Liu Xiaobo non lo sa, ma ieri il Comitato di Oslo gli ha conferito il premio Nobel per la pace.
Liu è in carcere, a Jinzouh, la città-prefettura situata sotto la Manciuria. E’ recluso dal dicembre 2008 e ieri notte, nella sua branda in cella, è andato a dormire con il suo solito spirito tranquillo, inconsapevole di essere festeggiato in tutto il mondo. Eppure il riconoscimento assegnato al dissidente cinese è il segno che qualcosa di profondo sta cambiando per sempre. La moglie, Liu Xia, alla quale è stato concesso solo un commento su Twitter, dice “Questo non è un premio per Liu ma per tutti quelli che continuano a lottare per la democrazia, per la libertà e per la pace in Cina. E’ un premio a chi è in prigione per le proprie idee”. Ed è esattamente questo il punto. Xiaobo è bollato dal governo cinese come “criminale condannato dai giudici per aver violato le leggi cinesi”, ma la verità è che si è macchiato del ‘reato di opinione’.

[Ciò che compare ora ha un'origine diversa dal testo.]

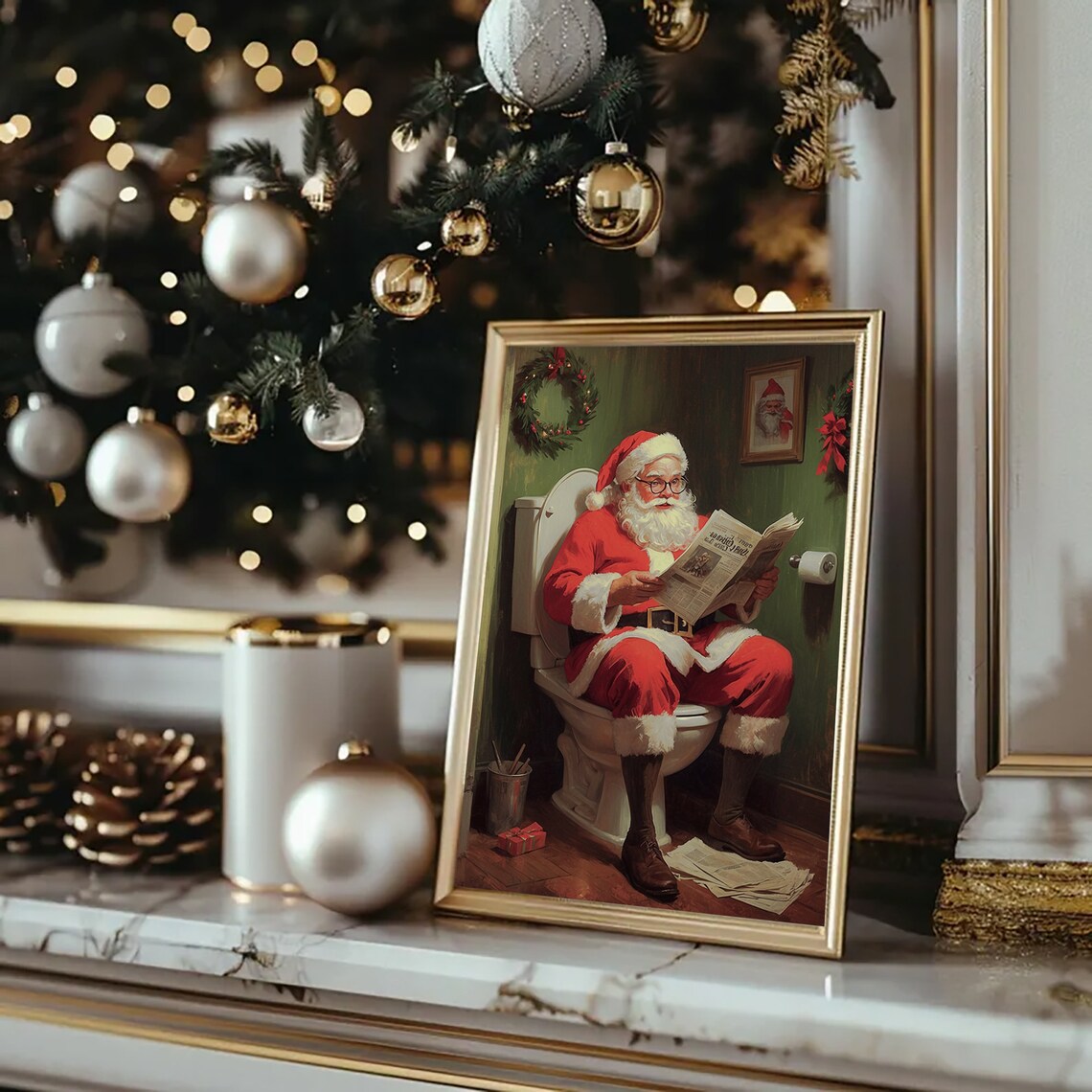 Santa Claus On Toilet Reading Newspaper Christmas Bathroom Art Poster - Image 3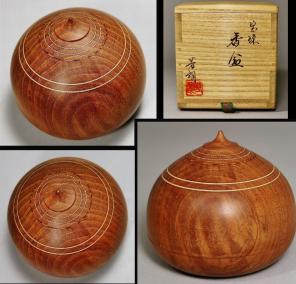 漆器 漆芸 福田芳朗 象嵌宝珠 香合 共箱 xvpbvx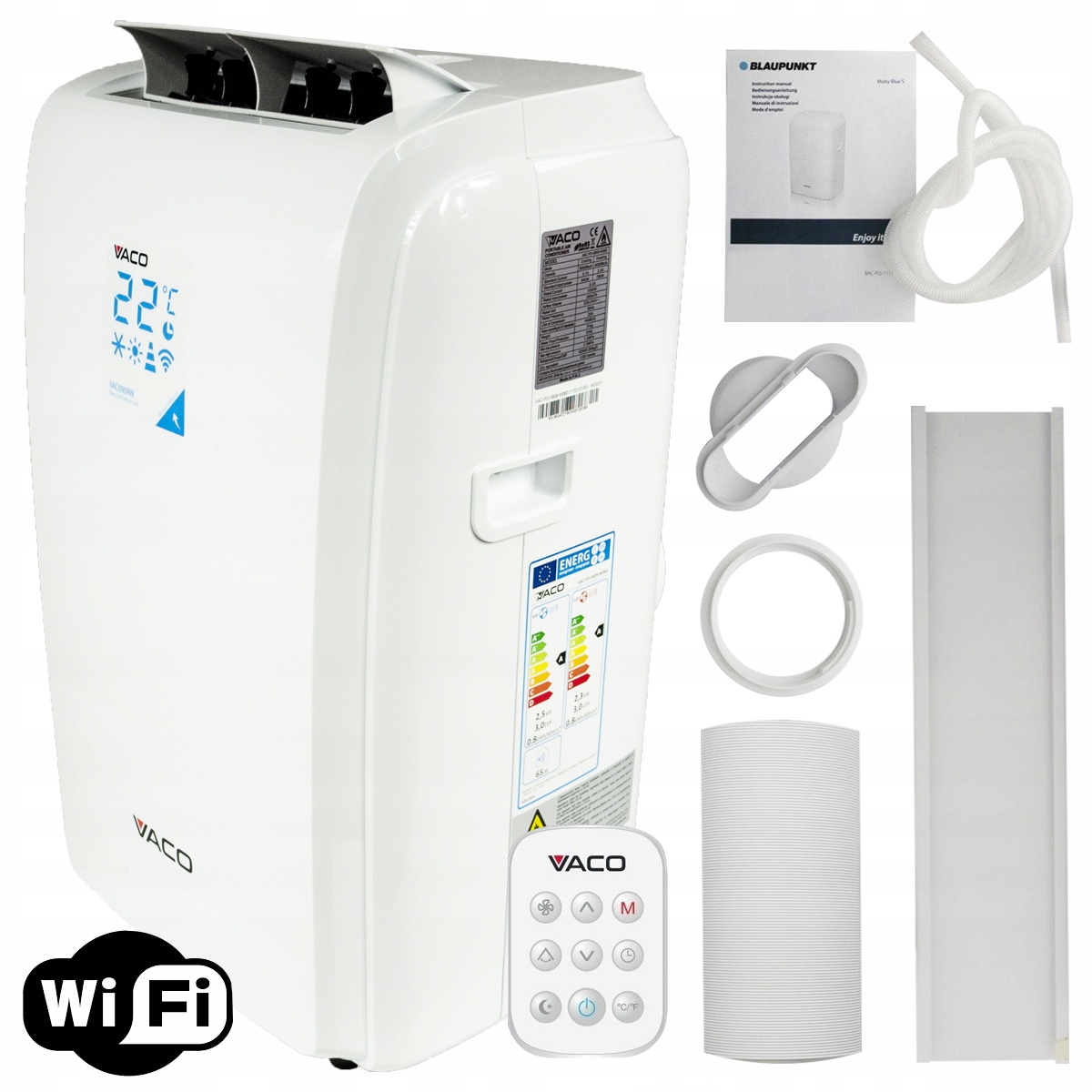 Prenosný klimatizátor vaco VAC0909 W 2,5 kW wi-fi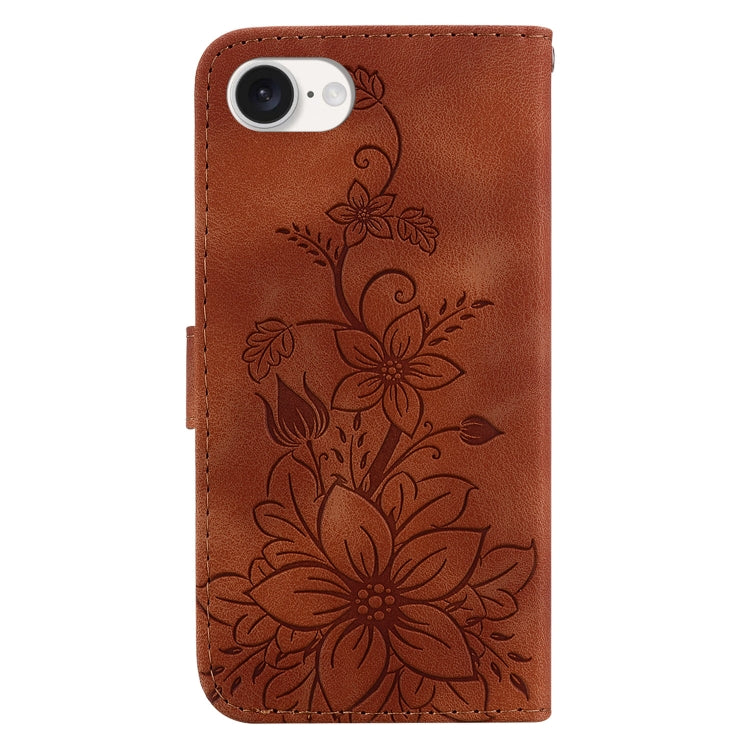 For iPhone SE 2024 Lily Embossed Leather Phone Case(Brown) - More iPhone Cases by buy2fix | Online Shopping UK | buy2fix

Xiaobo nel 2008 promuove, insieme ad altri 300 attivisti, la ‘Charta08’, un manifesto che sostiene riforme democratiche in Cina fondate sulla libertà del cittadino, sulla tutela dei diritti umani, sull’equilibrata divisione dei poteri governativi. Sembra essere un gesto rivoluzionario, ma l’articolo 45 della Costituzione della Repubblica popolare cinese recita “I cittadini godono della libertà di parola, corrispondenza, stampa, riunione, associazione, corteo, manifestazione…ed hanno diritto di esprimersi liberamente, esternare pienamente le loro opinioni, tenere vesti dibattiti e compilare manifesti a grandi caratteri”.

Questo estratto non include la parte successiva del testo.